These grounds must fail.
Section 363(1)(b) of the Migration Act 1958 (Cth) (Migration Act) gives
to the Tribunal a broad discretionary power to adjourn a review from time to
time. There is in my view
no error in the decision of the Tribunal to exercise
power in the way that it did.
- The
Tribunal invited Mr Pakala to attend a hearing on 5 April
2013[9]. That letter was sent to the
address nominated by Mr Pakala[10].
Mr Pakala did not attend the hearing and the Tribunal's letter was "returned to
sender"[11]. On 24 April 2013, the
Tribunal telephoned Mr Pakala, and agreed to wait until 3 May 2013 to allow him
to provide further evidence[12]. Mr
Pakala again spoke with an officer of the Tribunal on 26 April 2013, and sought
an extension of the time until 29 May 2013, because
this was the date on which
he would receive further IELTS results. He was granted that
extension[13]. On 27 May 2013 Mr
Pakala again wrote to the Tribunal and sought a further extension. This is
because he was not satisfied with
the IELTS results and had requested a remark.
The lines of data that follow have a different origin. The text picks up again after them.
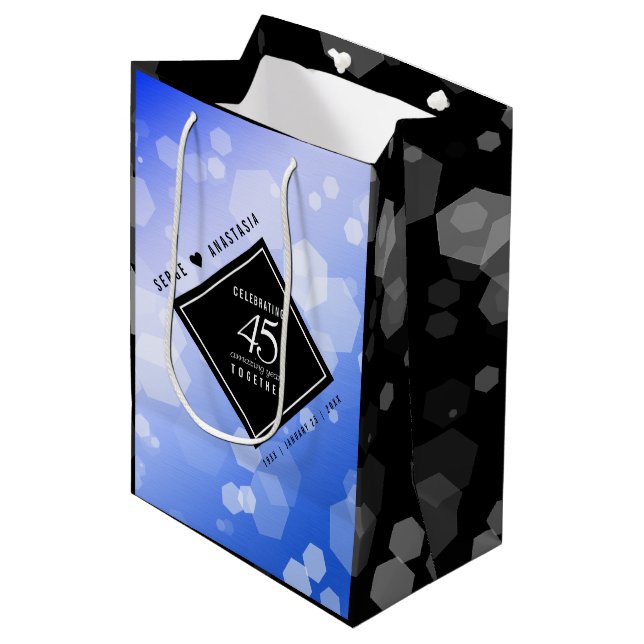 Elegant 45th Sapphire Wedding Anniversary Medium Gift Bag (Front Angled)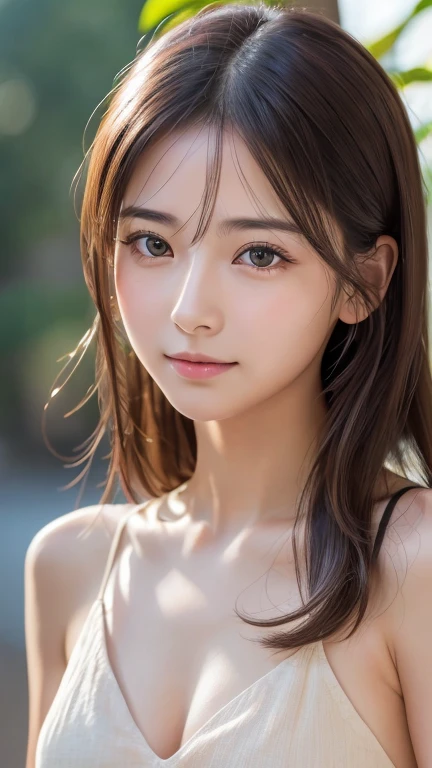 masterpiece, Highest quality, 8k, Absurd, (Upper Body:1.4), topless, beautiful girl, Pretty face, View your viewers, smile, Ultra-realistic, High resolution, photograph, Film Grain, chromatic aberration, Sharp focus, High resolution, Face Light, Dynamic Lighting, Cinema Lighting, Professional Shadow, Simple Background, Most detailed, Very detailed, Super detailed, In detail, Real Skin, Delicate facial features, Detailed face and eyes, Sharp pupils, Realistic students, (Japanese)、Brush your hair back、Armpits、blush、embarrassed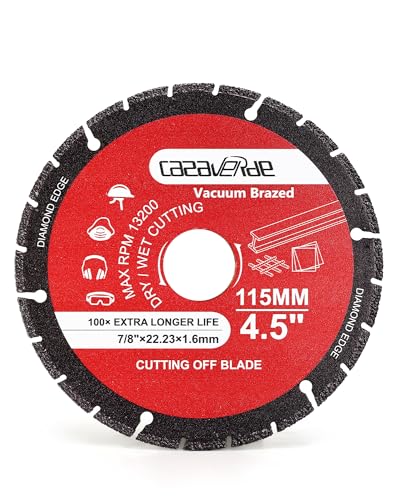 Casaverde 4.5" Diamond Metal Cutting Wheel with 7/8" Arbor - size: ☉115mm(4.5" X 7/8")1pc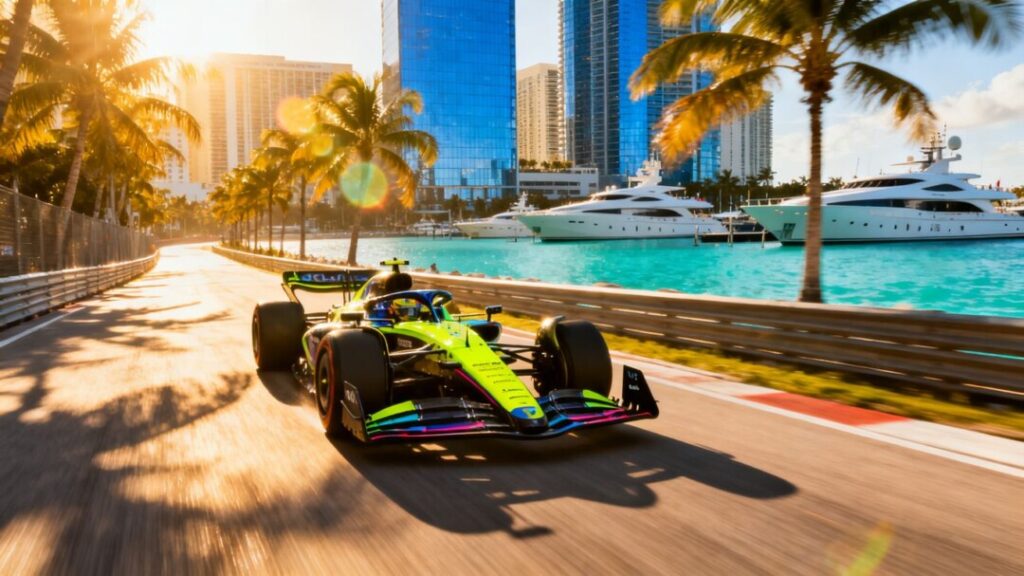 Formula 1 car racing in Miami with yachts and skyscrapers.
This would take another six to eight
weeks[14]. The Tribunal agreed to
extend the time until 24 July 2013 (ie. an extension of eight weeks and two
days) so that he could obtain
the
re-mark[15]. The re-mark did not
result in an improved result for Mr
Pakala[16]. Mr Pakala then
requested further time to undertake two more IELTS
tests[17]. The Tribunal refused
that request and proceeded to make a
decision[18].
- The
Tribunal was correct to hold at
[17][19] that it “gave the
applicant ample time to provide evidence of competent English if he has
it”. By that stage, it was
two and a half years since Mr Pakala made his
visa application.
- The
Tribunal’s decision was
reasonable[20]. No jurisdictional
error has been shown.
- The
third ground appears to be an attack upon [6] of the Tribunal
decision[21]:
- The current
instrument for r.1.15C is expressed to apply to applications lodged before 1
July 2012, but does not reflect the structure
of r.1.15C as in force before 1
July 2011 and there are no specifications for r.1.15C(a)(ii), although there are
specified tests
and scores for the equivalent provision as substituted on 1 July
2011. The Tribunal considers that this instrument should be construed
as
specifying scores, tests and passports for r.1.15C as in force on and after 1
July 2011, and that the applicable isntrucment in
this case is IMMI 09/73, the
instrument in force when the visa application was lodged. The Tribunal notes,
however, that in both
instruments the specified scores, tests, and passports are
substantially the same.
- To
the extent that the ground asserts something else, in particular, bias, there is
no substance to it. The Minister deals with Ground
3 in his submissions in the
following terms:
- Ground 3
appears to take issue with the manner in which the Tribunal applied the test of
“competent English” in reg 1.15C.
That regulation has undergone a
number of amendments. The applicable version is the version inserted into the
Regulations by the
Migration Amendment Regulations 2007 (No 7). That
version is expressed, by clause 3 of the amending regulation, to “apply in
relation to an application for a Visa made
on or after 1 September 2007”.
The next amendment to reg 1.15C was expressed to apply to applications made
after 1 July 2011
– ie, after the applicant’s visa application had
been made.
- The
applicable form of the regulation was as follows:
- 1.15C
Competent English
- If a person
applies for a General Skilled Migration Visa, the person has competent
English if the person satisfies the Minister that the
person:
- (a) has
achieved, in a test conducted not more than 2 years before the day on which the
application was lodged:
- (i) an IELTS
test score of at least 6 for each of the 4 test components of speaking, reading,
writing and listening; or
- (ii) a
score:
- (A) specified
by the Minister in an instrument in writing for this sub-subparagraph; and
- (B) in a
language test specified by the Minister in the instrument; or
- (b) holds a
passport of a type specified by the Minister in an instrument in writing for
this paragraph.
- The
applicant plainly did not satisfy sub-paragraphs (a)(i) or (b). To succeed in
this application, the applicant must demonstrate
that on the evidence before the
Tribunal, he could have satisfied sub-paragraph (a)(ii). That requires
consideration of the applicable
instruments by which the Minister has made
specifications for the purpose of reg 1.15C. That is what the Tribunal did at
[6]-[7]
of its reasons.
- Between the
time that the application was made, and the time that it was decided, the
Minister issued three relevant instruments.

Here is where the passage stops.